Method examples described herein can be machine or computer- implemented at least in part Some examples can include a computer-readable medium or machine-readable medium encoded with instructions operable to configure an electronic device to perform methods as described in the above examples. An implementation of such methods can include code, such as microcode, assembly language code, a higher-level language code, or the like. Such code can include computer readable instructions for performing various methods. The code may form portions of computer program products. Further, in an example, the code can be tangibly stored on one or more volatile, non-transitory, or nonvolatile tangible computer-readable media, such as during execution or at other times. Examples of these tangible computer-readable media can include, but are not limited to, hard disks, removable magnetic disks, removable optical disks (e.g., compact disks and digital video disks), magnetic cassettes, memory cards or sticks, random access memories (RAMs), read only memories (ROMs), and the like.

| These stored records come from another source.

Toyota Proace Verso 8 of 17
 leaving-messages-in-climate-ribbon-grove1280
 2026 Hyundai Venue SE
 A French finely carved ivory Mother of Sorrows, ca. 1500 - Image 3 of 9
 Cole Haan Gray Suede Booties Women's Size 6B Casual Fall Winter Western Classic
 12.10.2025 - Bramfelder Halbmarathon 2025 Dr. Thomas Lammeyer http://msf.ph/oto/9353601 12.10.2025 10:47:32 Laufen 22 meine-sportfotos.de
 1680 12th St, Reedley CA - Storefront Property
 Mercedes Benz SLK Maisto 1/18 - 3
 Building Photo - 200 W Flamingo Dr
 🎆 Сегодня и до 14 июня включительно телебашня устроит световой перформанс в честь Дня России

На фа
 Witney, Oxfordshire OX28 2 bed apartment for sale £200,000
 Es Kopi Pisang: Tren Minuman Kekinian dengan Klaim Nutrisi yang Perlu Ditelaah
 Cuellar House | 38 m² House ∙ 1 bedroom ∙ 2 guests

The above description is intended to be illustrative, and not restrictive. For example, the above-described examples (or one or more aspects thereof) may be used in combination with each other. Other embodiments can be used, such as by one of ordinary skill in the art upon reviewing the above description. The Abstract is provided to comply with 37 C.F.R. §1.72(b), to allow the reader to quickly ascertain the nature of the technical disclosure. It is submitted with the

understanding that it will not be used to interpret or limit the scope or meaning of the claims. Also, in the above Detailed Description, various features may be grouped together to streamline the disclosure. This should not be interpreted as intending that an unclaimed disclosed feature is essential to any claim. Rather, inventive subject matter may lie in less than all features of a particular disclosed embodiment. Thus, the following claims are hereby incorporated into the Detailed Description as examples or embodiments, with each claim standing on its own as a separate embodiment, and it is contemplated that such embodiments can be combined with each other in various combinations or permutations. The scope of the invention should be determined with reference to the appended claims, along with the full scope of equivalents to which such claims are entitled.